Atlantic City Casino Industry Profits Still Sliding


While there were some hopes that the opening of two new casinos in Atlantic City in mid-2018 would “grow the pie” enough so that every property could win, the suspicions that cannibalization would rule the day have been proven correct.

The New Jersey Division of Gaming Enforcement’s second-quarter 2019 financial report released on Thursday produced more of the same, as industry revenues grew by 18.2% compared to the same quarter in 2018 — while gross operating profits declined by 6.8%.

This was the fourth and final quarterly report that reflects the late-June 2018 opening of Hard Rock casino — formerly the Trump Taj Mahal — and Ocean Casino Resort — the not-so-old Revel site.

Two new casinos battling for customers via aggressive marketing campaigns forces the holdover casinos to do the same.

The added revenues suggest that new blood has come to town, with some longtime customers perhaps coming more often given the added casino options.

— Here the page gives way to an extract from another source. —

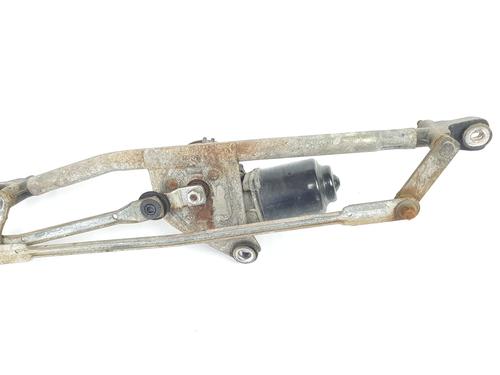 Used Front wiper motor Front wiper motor PEUGEOT BIPPER (AA_) [2008-2026] 32991798 32991798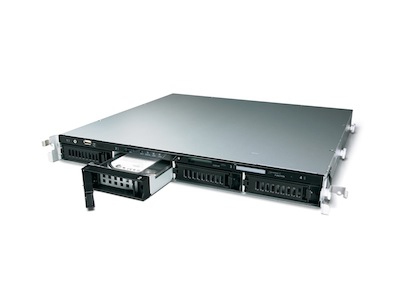 Buffalo 8TB TeraStation Pro WSS – image 4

But in the third quarter of 2018, revenues rose just 6.4% while profits declined by 9.3%.

In the fourth quarter, it was a 7.5% rise in revenues vs. a 15.4% slide in profits. And in the first quarter of 2019, it was an impressive 17.6% rise in revenues and a grim 29.6% decline in profits compared to early 2018.

A new era (of statistics) is coming

The good news is that the next quarterly report will be more “apples to apples” — both relevant quarters being in the new, nine-casino era.

But details of the latest report make “good news” harder to swallow.

The only casino property to show an increase in quarterly profits in the April/May/June 2019 period was the mighty Borgata, up 4.9% to $55.4 mm — nearly one-third of the profits for the entire Atlantic City casino industry.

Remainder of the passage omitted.